Their father, we learn, has hopes of rebuilding his fortune. I guess the way we have to look at this now is that Father is Johnny Rose, Nesta is David, Elain is Alexis, and Feyre is one of Moira’s wigs because she’s doing all the damn work.

Feyre explains that they can eat half the meat that week, save the other half, and that she’ll take the hides to market. And then, CRASH! HERE COMES THE KOOL-AID MAN ONLY HE’S NOT FILLED WITH KOOL-AID HE’S FILLED WITH LAZY ABLEISM AS CHARACTERIZATION! Come with me, on a shitty, shitty journey.

My father’s ruined leg was stretched out before him, as close to the fire’s heat as it could get. The cold, or the rain, or a change in temperature always aggravated the vicious, twisted wounds around his knee.
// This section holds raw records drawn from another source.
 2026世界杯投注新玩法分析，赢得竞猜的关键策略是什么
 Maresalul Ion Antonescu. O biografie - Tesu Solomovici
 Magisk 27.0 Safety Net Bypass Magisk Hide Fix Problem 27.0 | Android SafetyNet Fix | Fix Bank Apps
His simply carved cane was propped up against his chair—a cane he’d made for himself … and that Nesta was sometimes prone to leaving far out of his reach.

 He could find work if he wasn’t so ashamed, Nesta always said when I hissed about it. She hated him for the injury, too—for not fighting back when that creditor and his thugs had burst into the cottage and smashed his knee again and again.
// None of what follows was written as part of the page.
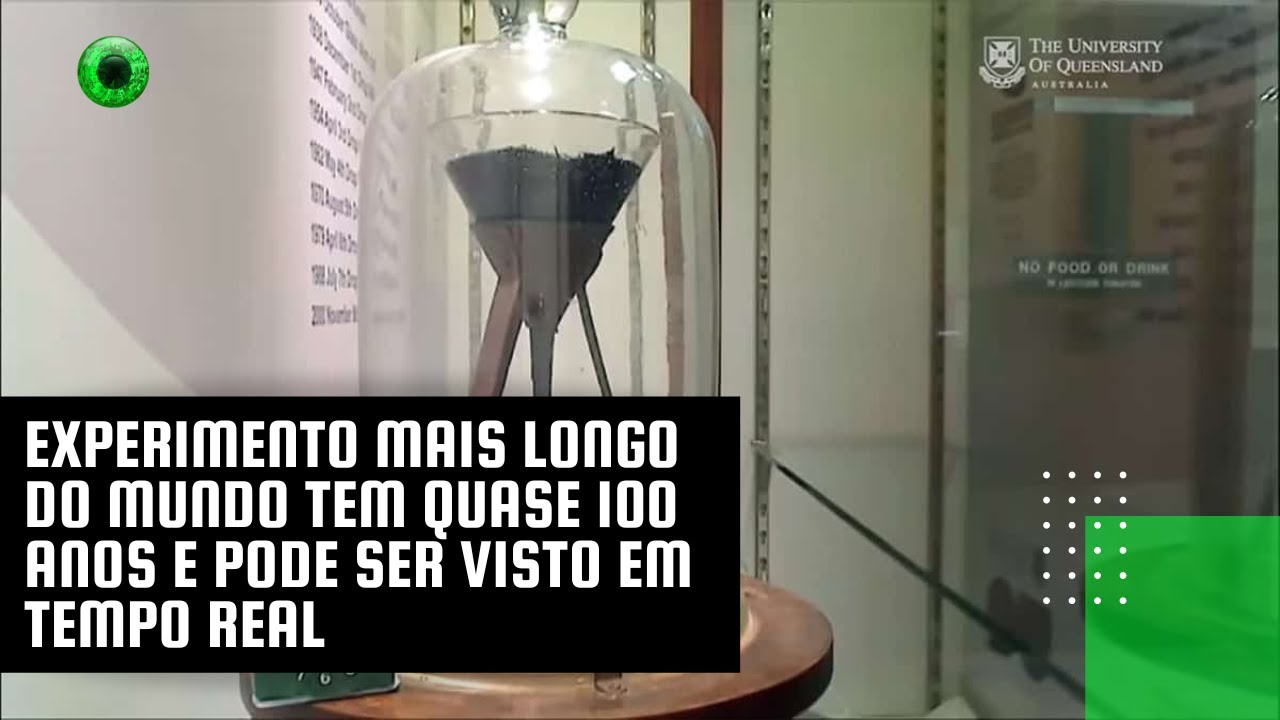 Experimento mais longo do mundo tem quase 100 anos e pode ser visto em tempo real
Now, on an earlier page there was a throw-away line about her father’s “limping presence,” and now we’ve got this character going oh, it’s terrible that this horrible bitch Nesta moves daddy’s cane so he can’t get around and she blames him for being injured in this horrible, violent attack, right? We’re supposed to be outraged at Nesta here, especially when Feyre adds this detail:

Nesta and Elain had fled into the bedroom, barricading the door. I had stayed, begging and weeping through every scream of my father, every crunch of bone. I’d soiled myself—and then vomited right on the stones before the hearth. Only then did the men leave. We never saw them again.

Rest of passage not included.